**INSTRUCTIONS FOR THE TASK**
The required output is the lines below from the line containing "Download BrightCam Vision" to the line containing "So let's get", inclusive, retyped exactly. No other lines belong in it.

**EXCERPTED DATA**
........

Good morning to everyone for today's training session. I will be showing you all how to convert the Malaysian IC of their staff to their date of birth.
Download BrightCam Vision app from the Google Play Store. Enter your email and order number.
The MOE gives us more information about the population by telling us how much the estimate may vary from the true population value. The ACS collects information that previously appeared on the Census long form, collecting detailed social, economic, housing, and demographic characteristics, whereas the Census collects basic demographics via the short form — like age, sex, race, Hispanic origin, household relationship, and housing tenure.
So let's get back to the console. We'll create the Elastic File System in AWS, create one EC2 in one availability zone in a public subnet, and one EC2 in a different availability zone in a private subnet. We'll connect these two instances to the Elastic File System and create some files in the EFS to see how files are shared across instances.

........

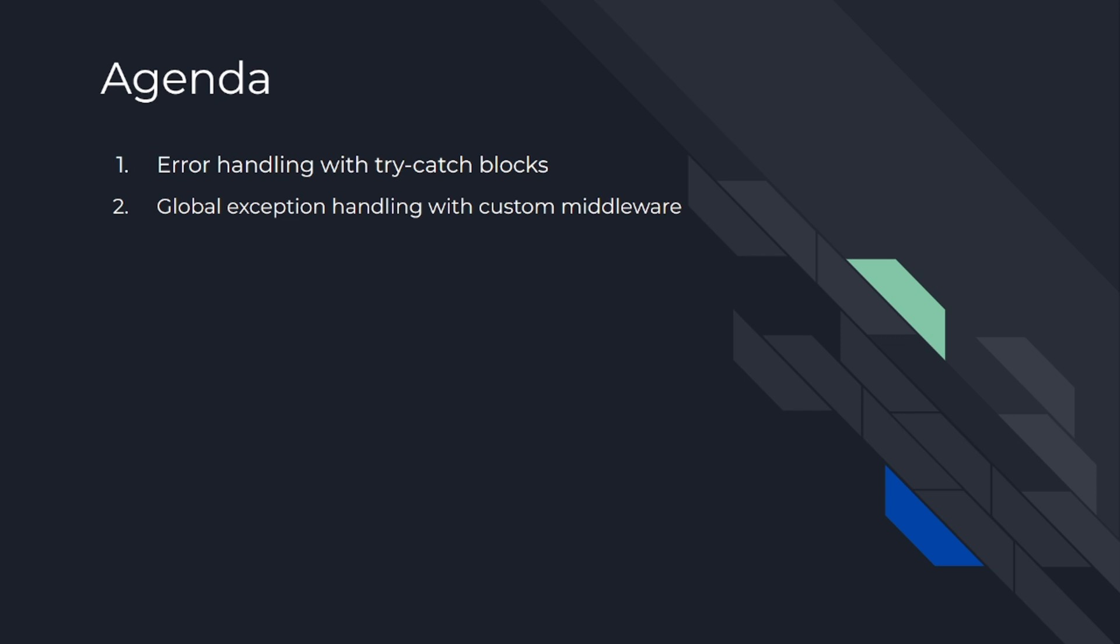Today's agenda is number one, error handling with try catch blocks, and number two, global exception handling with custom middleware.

........

**RESPONSE**
Download BrightCam Vision app from the Google Play Store. Enter your email and order number.
The MOE gives us more information about the population by telling us how much the estimate may vary from the true population value. The ACS collects information that previously appeared on the Census long form, collecting detailed social, economic, housing, and demographic characteristics, whereas the Census collects basic demographics via the short form — like age, sex, race, Hispanic origin, household relationship, and housing tenure.
So let's get back to the console. We'll create the Elastic File System in AWS, create one EC2 in one availability zone in a public subnet, and one EC2 in a different availability zone in a private subnet. We'll connect these two instances to the Elastic File System and create some files in the EFS to see how files are shared across instances.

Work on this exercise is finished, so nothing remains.